Tips

Panduan Siaga Erupsi Gunung untuk Anak dan Keluarga 

Indonesia merupakan negara yang berada di kawasan Cincin Api Pasifik (Ring of Fire), dengan aktivitas tektonik dan vulkanik yang tinggi. Saat ini, Indonesia memiliki 127 gunung api aktif yang tersebar dari Sumatra hingga Papua. Kondisi ini membuat masyarakat di berbagai wilayah Indonesia hidup berdampingan dengan potensi erupsi gunung api.

Erupsi gunung api dapat mengubah kondisi di sekitar dengan cepat. Status aktivitas gunung, wilayah yang berisiko, hingga rekomendasi keselamatan dapat berubah mengikuti perkembangan kondisi di lapangan.
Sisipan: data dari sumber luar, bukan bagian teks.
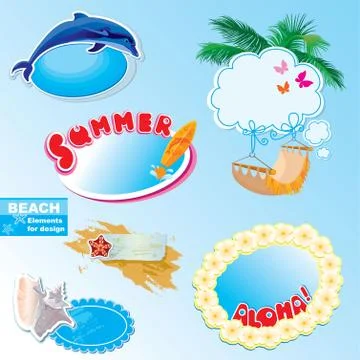 Summer beach frames and elements set Stock Illustration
Karena itu, keluarga perlu mengetahui informasi terbaru dan memahami langkah yang dapat dilakukan untuk menjaga keselamatan, terutama ketika ada anak di dalam keluarga.
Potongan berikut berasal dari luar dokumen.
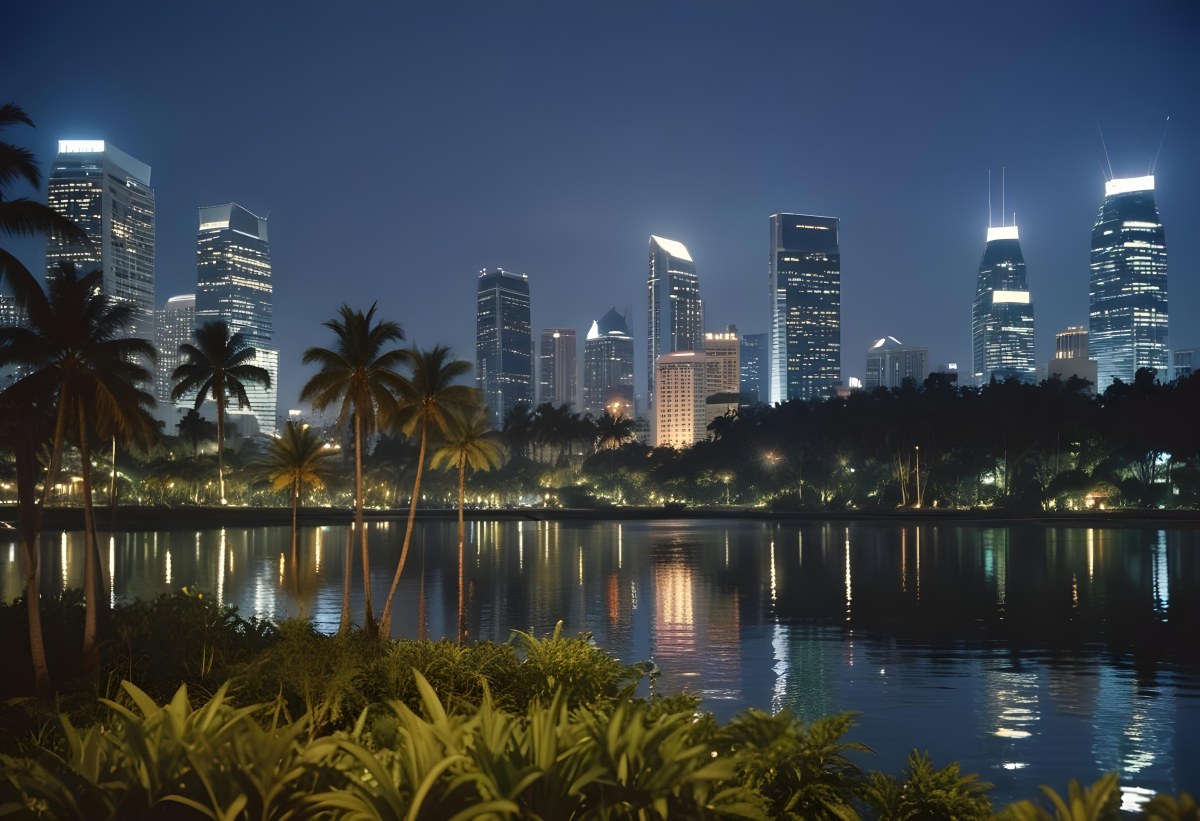35mm Film Photography City Skyline At Night With Tall Buildings Illuminated Reflecting In A Body Of Water In The Foreground There Are Green Plants Along The Water S Edge And Palm Trees Are Visible The Background Fea 10 8833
Pantau Informasi dan Kenali Risiko di Sekitar

Sebelum mengambil tindakan, pastikan keluarga mendapatkan informasi dari sumber resmi. Masyarakat dapat memantau perkembangan aktivitas gunung api dan rekomendasi keselamatan melalui Badan Geologi/PVMBG, MAGMA Indonesia, BNPB, serta pemerintah daerah dan BPBD setempat.

Badan Geologi juga mengimbau masyarakat untuk selalu mengacu pada informasi resmi dan tidak mudah terpengaruh informasi yang sumbernya tidak jelas. Kenali pula jalur evakuasi, titik kumpul, dan tempat aman yang telah ditentukan di wilayah tempat tinggal.

Jika pemerintah mengeluarkan arahan evakuasi, segera ikuti arahan tersebut dan jangan menunda keberangkatan.

Siapkan Tas Siaga Bencana Sebelum Erupsi

Kesiapsiagaan akan lebih mudah dilakukan jika keluarga sudah menyiapkan kebutuhan penting sebelum keadaan darurat terjadi. Salah satunya dengan menyiapkan tas siaga bencana yang mudah dibawa dan dapat segera digunakan saat evakuasi.

Isi tas dengan dokumen penting, air minum, masker N95, P3K, obat rutin, senter dan baterai, power bank, pakaian ganti, makanan siap saji, serta kebutuhan anak.

Pastikan setiap anggota keluarga, termasuk anak, mengetahui apa yang harus dilakukan ketika ada arahan evakuasi. Untuk anak yang masih kecil, orang tua juga dapat memasang tanda pengenal (ID tag) berisi nama dan nomor darurat pada pakaian atau tasnya untuk membantu jika anak terpisah dari keluarga.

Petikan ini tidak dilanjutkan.